Penulis: Ridhoino Kristo Sebastianus Melano | Editor: Ridhoino Kristo Sebastianus Melano
TRIBUNPONTIANAK.CO.ID – Pernyataan mengejutkan datang dari mantan pimpinan KPK, Chandra Hamzah, yang menyebut bahwa penjual pecel lele di trotoar bisa dikategorikan sebagai pelaku tindak pidana korupsi.
Hal ini ia sampaikan dalam sidang uji materi UU Tipikor di Mahkamah Konstitusi pada 18 Juni 2025.
Chandra menyoroti dua pasal dalam undang-undang tersebut Pasal 2 Ayat (1) dan Pasal 3 yang dinilainya kabur dan multitafsir.

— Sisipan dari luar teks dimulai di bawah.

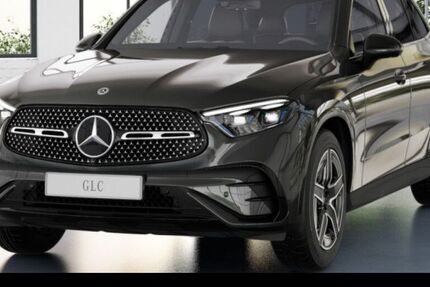 Mercedes-Benz GLC 200 9.900 km 55.990 &euro; Aachen 52068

Ia mencontohkan, jika pasal itu diterapkan secara kaku, maka pedagang kaki lima pun bisa dijerat sebagai koruptor karena dianggap merugikan negara.
Pasal-pasal itu, menurutnya, berpotensi digunakan secara represif terhadap rakyat kecil yang sebenarnya tidak punya niat melakukan korupsi.
Chandra pun mengusulkan agar frasa “setiap orang” dalam pasal diganti menjadi “pegawai negeri” untuk menyesuaikan dengan semangat Konvensi Antikorupsi PBB.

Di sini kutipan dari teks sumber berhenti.